The film deals not only with the inception and growth of Santini's precious collection, but also with its conservation after his death. In 1862 the collection was purchased and transported from Italy to the city of Münster in Germany and lay there forgotten for 40 years. Then in 1902 this trove was rediscovered and brought to the attention of the public through by the work of Edward Dent, the distinguished British musicologist.

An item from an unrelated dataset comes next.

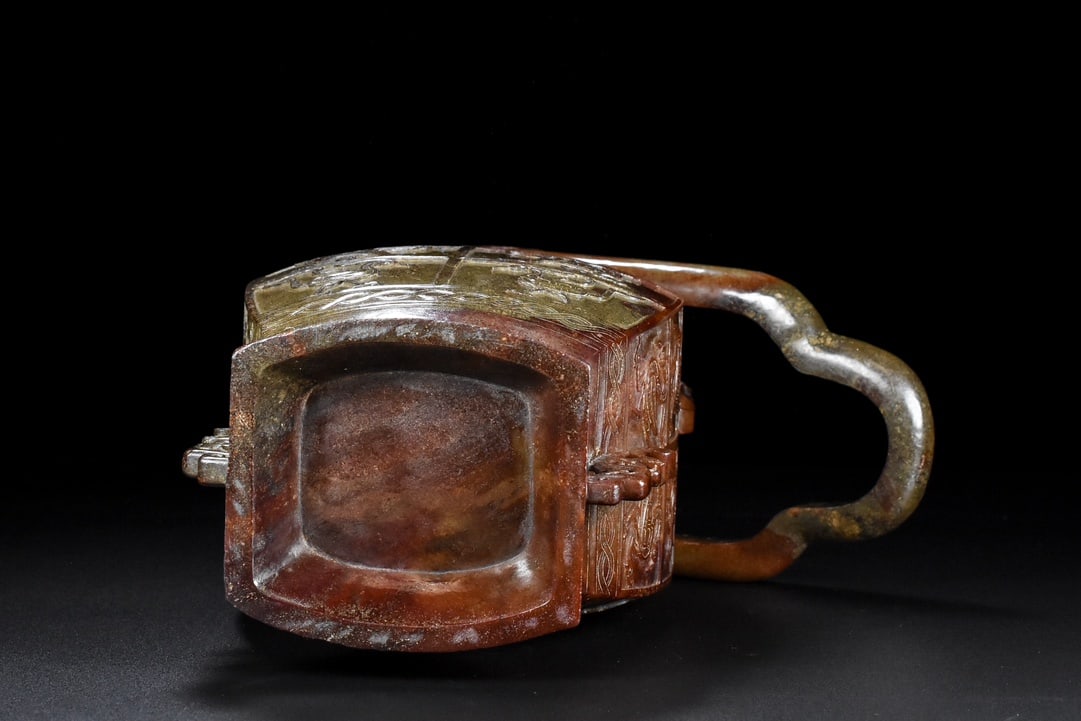 A Exquisite Hotan Jade Beast-Face Pattern Vase - 9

Subsequently, the collection was saved from firebombs during World War II, and though partially damaged after the war by a devastating flood, the irreplaceable musical opus of Santini has survived.

==Cast==
- Renato Scarpa: Fortunato Santini
- John Gayford: Edward Dent
- Maximilian Scheidt: Felix Mendelssohn
- Harald Redmer: Carl Friedrich Zelter
- Domenico Galasso: Giuseppe Baini
- Claudio Marchione: Giuseppe Jannacconi
- Pietro M. Beccatini: Carlo Odescalchi
- Antonio Giovannini: Mariano Astolfi
- Florian Steffens: young Edward Dent
- Emanuele Paragallo: young Fortunato Santini

== Film music ==
The Soundtrack is composed of musical pieces from Santini's collection, some performed for the first time under conductor Favio Colusso by the Ensemble Seicentonovecento.

| Nr. | Author | Title |
|---|---|---|
| 1. | Antonio Lotti | Crucifixus |
| 2. | Tomás Luis de Victoria | Salve Regina |
| 3. | Cristóbal de Morales | Lamentabatur Jacob |
| 4. | Giacomo Carissimi | Jephte, Plorate filii Israel |
| 5. | Antonio Caldara | Kyrie from the Missa Dolorosa |
| 6. | Francesco Durante | Lamentationes Jeremiae Prophetae |
| 7. | Palestrina | Kyrie from the Missa Ut-Re-Mi-Fa-So-La |
| 8. | Giovanni Battista Martini | Sonata g-minor for Organ, Sarabanda |
| 9. | Palestrina | Aleph III |
| 10. | Carl Heinrich Graun | Der Tod Jesu |
| 11. | Georg Friedrich Händel | Non esce un guardo mai |
| 12. | Georg Friedrich Händel | Resurrezione |
| 13. | Alessandro Melani | Magnificat |
| 14. | Johann Sebastian Bach | Passio secundum Joannem |
| 15. | Fortunato Santini | Te Deum a Due Cori |
| 16. | Domenico Scarlatti | Sonatas in f-Minor K. 519 |
| 17. | Francesco Durante | Requiem Lacrimosa |
| 18. | Alessandro Scarlatti | Agar et Ismaele esiliati, grave |
| 19. | Domenico Scarlatti | sonata in f-Minor L.281 K.239 |
| 20. | Georg Friedrich Händel | Israel in Egypt / a thick darkness |
| 21. | Fortunato Santini | Sancte Paule Apostole |

Some other background music was composed by Flavio Colusso.

==Release and reception==
Santini's Network premiered at the Auditorium of Santa Maria dell’Anima in Rome on 1 April 2014 and in Münster's Schloßtheater on 9 April 2014. Film critic Günter Moseler: "A great film about a modest life for the future of Early Music." (Ein großer Film über ein kleines Leben für die Zukunft Alter Musik.). First broadcast was in Westdeutscher Rundfunk on 28 April 2014.